YOUR OBJECTIVE
Set down only the lines from the one containing "Baby Girls Clothing" through the final line of the entries below, exactly as they stand, with no pictures.

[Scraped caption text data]

Start of Block

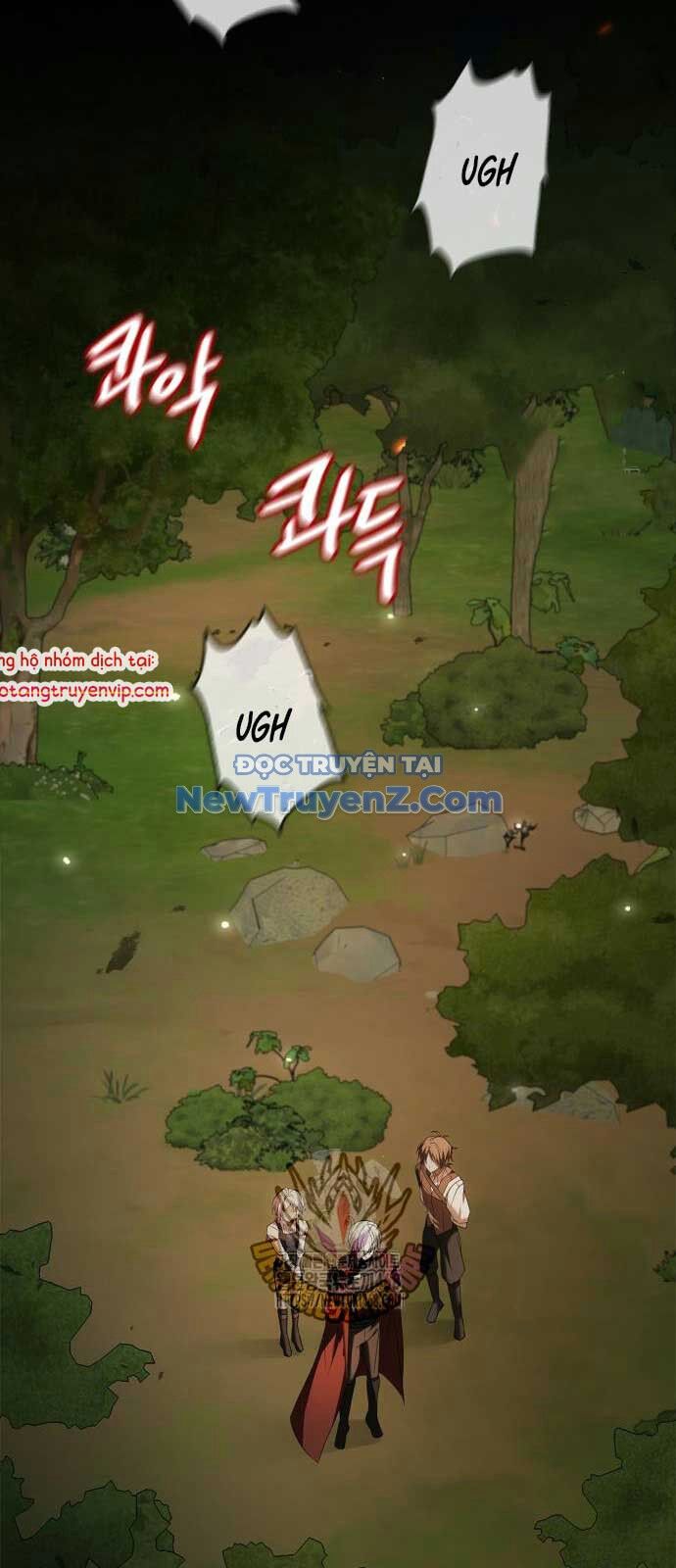 Tôi Không Tài Năng Đến Thế Đâu Chapter 83 - 44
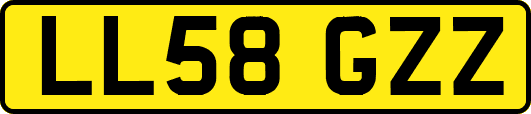 LL58GZZ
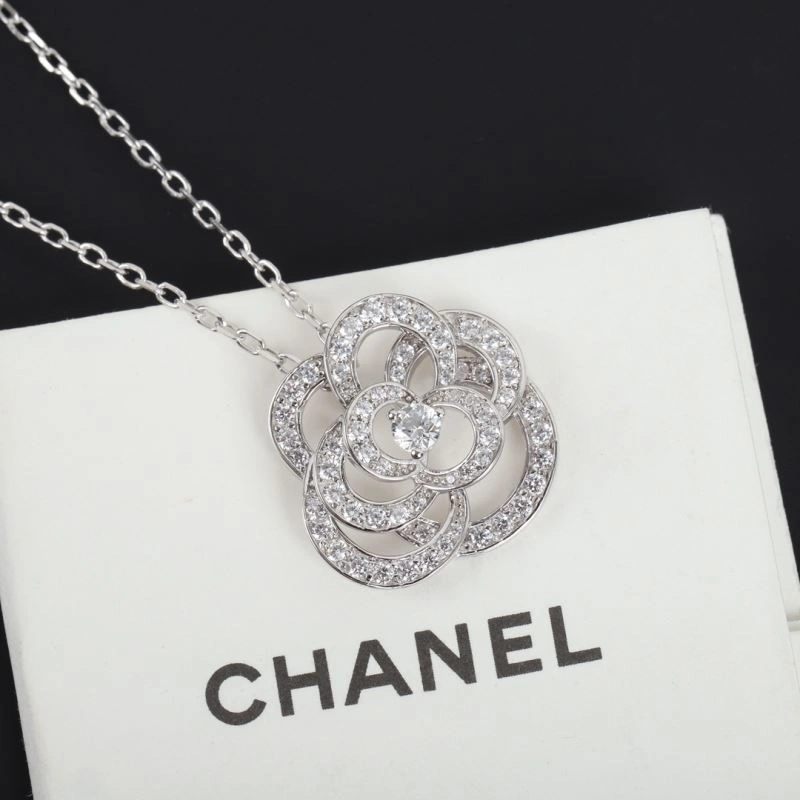 FreshLook Chanel Necklaces 232116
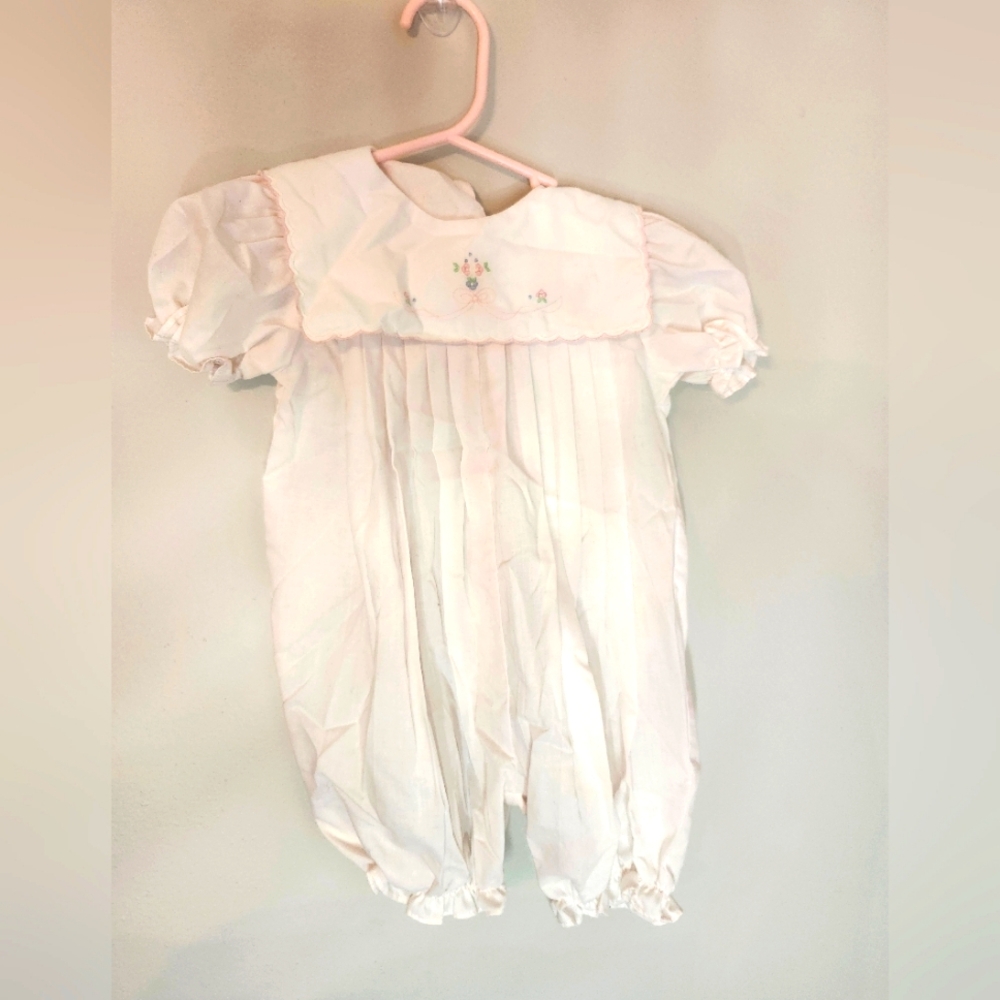 Baby Girls Clothing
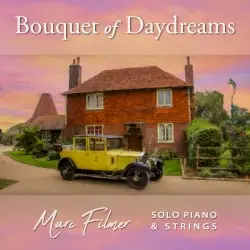 Bouquet of Daydreams by Marc Filmer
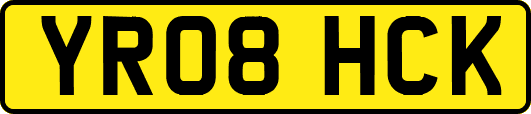 YR08HCK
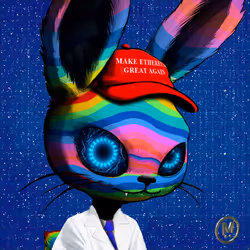BUNNZ #2352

End of Block

SOLUTION
 Baby Girls Clothing
 Bouquet of Daydreams by Marc Filmer
 YR08HCK
BUNNZ #2352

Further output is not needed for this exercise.